Set against the backdrop of war, revolution, and regicide, and moving from London to Venice, Mantua, Madrid, Paris and the Low Countries, Jerry Brotton's colourful and critically acclaimed book, The Sale of the Late King's Goods, explores the formation and dispersal of King Charles I's art collection. Following a remarkable and unprecedented Parliamentary Act for `The sale of the late king's goods', Cromwell's republican regime sold off nearly 2,000 paintings, tapestries, statues and drawings in an attempt to settle the dead king's enormous debts and raise money for the Commonwealth's military forces.
Brotton recreates the extraordinary circumstances of this sale, in which for the first time ordinary working people were able to handle and own works by the great masters. He also examines the abiding relationship between art and power, revealing how the current Royal Collection emerged from this turbulent period, and paints its own vivid and dramatic picture of one of the greatest lost collections in English history.
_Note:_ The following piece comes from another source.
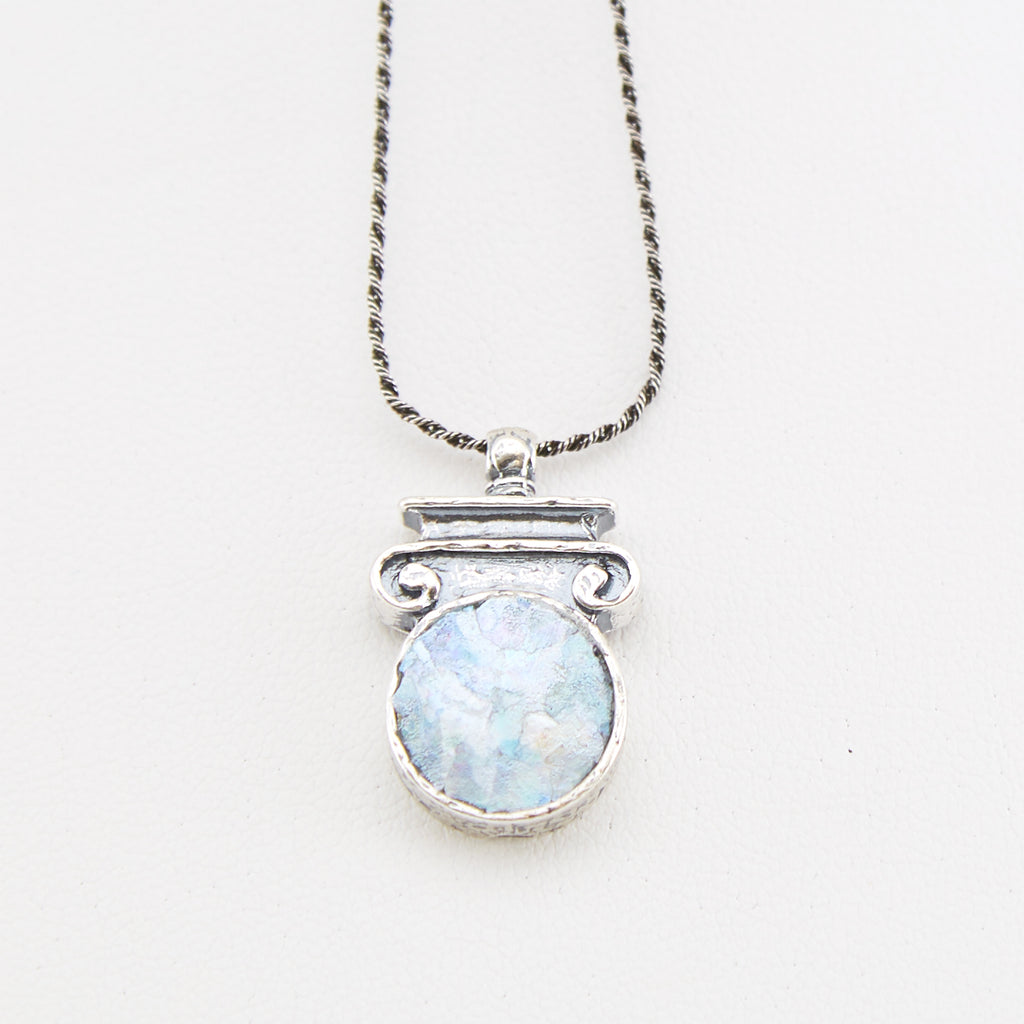 Silver Column Roman Glass Necklace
Jerry Brotton is Professor of Renaissance Studies at Queen Mary University of London. He is a regular broadcaster and critic as well the author of Renaissance Bazaar: From the Silk Road to Michelangelo, The Sale of the Late King's Goods: Charles I and his Art Collection (shortlisted for the Samuel Johnson Prize for Non-Fiction and the Hessell-Tiltman History Prize) and the bestselling and award-winning A History of the World in Twelve Maps, which has been translated into twelve languages. He lives in London and Oxford.